Old world monkeys are a diverse and widespread group, which include African and Asian macaques, baboons, mangabeys, leaf monkeys and langurs. These monkeys, according to the study, are the most successful group of living non-human primates and although found throughout Africa and Asia today, their dispersal out of Africa and into Eurasia has never been fully understood.
“It takes years of work to make such discoveries and study them,” said TCA’s Dr Mark Beech, a study co-author.
He is a senior Abu Dhabi-based scientist who has been involved in many major discoveries, particularly in Abu Dhabi’s Al Gharbia (Western Region). He has worked on many important sites in the Emirate and made major discoveries.
“The discovery of a tree-dwelling guenon monkey in the Abu Dhabi desert highlights the vast ecological changes that have taken place in the Arabian Peninsula,” said Dr Beech, who is also an old resident of Abu Dhabi.
According to scientists, previously it was thought that some of the monkeys, particularly macaques, may have dispersed into Eurasia over the Mediterranean Basin or Straits of Gibraltar around six million years ago, during the Messinian Crisis when the Mediterranean Sea dried up, allowing animals to cross between North Africa and Europe.
“These fossils indicate that, instead, old world monkey dispersal could have taken place through the Arabian Peninsula even before the Messinian Crisis,” Dr. Gilbert explained.
The fossil, a very small lower molar, was discovered in 2009 and since then it has been under study and scientific research.

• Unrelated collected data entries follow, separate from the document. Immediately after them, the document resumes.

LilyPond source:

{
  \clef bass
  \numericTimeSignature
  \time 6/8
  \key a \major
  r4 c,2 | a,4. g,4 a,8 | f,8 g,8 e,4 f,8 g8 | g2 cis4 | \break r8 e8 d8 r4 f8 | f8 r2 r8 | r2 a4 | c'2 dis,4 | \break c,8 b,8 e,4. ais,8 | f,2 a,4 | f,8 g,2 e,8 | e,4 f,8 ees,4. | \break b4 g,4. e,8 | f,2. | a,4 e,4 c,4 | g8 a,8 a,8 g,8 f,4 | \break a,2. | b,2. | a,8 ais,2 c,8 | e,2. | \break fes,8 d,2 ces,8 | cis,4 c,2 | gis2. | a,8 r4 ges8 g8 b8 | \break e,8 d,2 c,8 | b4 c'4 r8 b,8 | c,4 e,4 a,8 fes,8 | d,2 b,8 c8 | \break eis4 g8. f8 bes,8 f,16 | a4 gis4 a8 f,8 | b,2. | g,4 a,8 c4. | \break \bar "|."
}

The team determined that the tooth belonged to the earliest known guenon, which are some of the most brightly coloured and distinctive monkeys in modern African forests.

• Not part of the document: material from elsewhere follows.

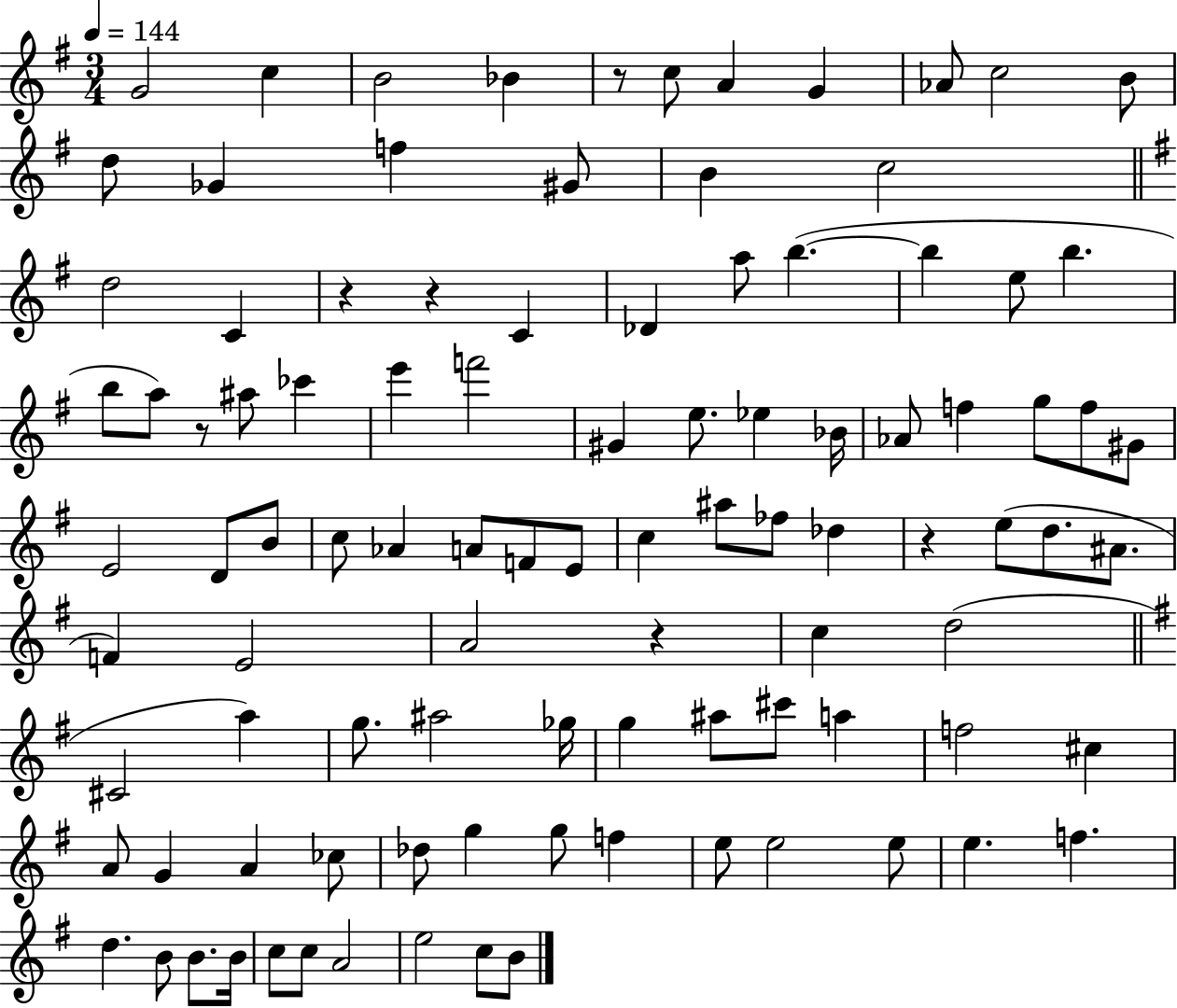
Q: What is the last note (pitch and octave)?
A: B4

“When we found it, we were doing back-breaking sieving work searching for remains of tiny fossil rodents,” said Dr Faysal Bibi of Berlin’s Museum für Naturkunde, a study co-author and discoverer of the little molar.
“We spent many days over consecutive years sieving through tonnes of sand at this one site. It paid off,” said Bibi.
Previously, the oldest known guenon fossil was approximately four million years old.
“Our specimen pushes back the first appearance of the group by at least 2.5 million years, and most probably more,” said Professor Andrew Hill of Yale University, another co-author on the study.
The Historic Environment Department of TCA Abu Dhabi has a strategy to preserve, protect, study and promote the internationally important fossil sites found in Al Gharbia. A team of UAE specialists from the Historic Environment Department has been working closely since 2006 with a team of experts from Yale University and other renowned institutions to coordinate the research, study and publication of these fossils.
“The preservation of the Late Miocene fossil sites in Abu Dhabi Emirate is of paramount importance,” said Mohammed Amer Al Neyadi, Head of the Department at TCA.
He said it was essential that these sites be protected to further “our understanding of the ancient fossil record”.
The team stresses that future work in Abu Dhabi and the Arabian Peninsula is critical to shedding further light on the evolutionary history of monkeys and other mammalian groups. Previous work in the region has also highlighted interesting aspects of elephant evolution.
“We still know relatively little about ancient life in the Arabian Peninsula. A rare find like this is a ‘first’ for the entire region,” said Dr Bibi.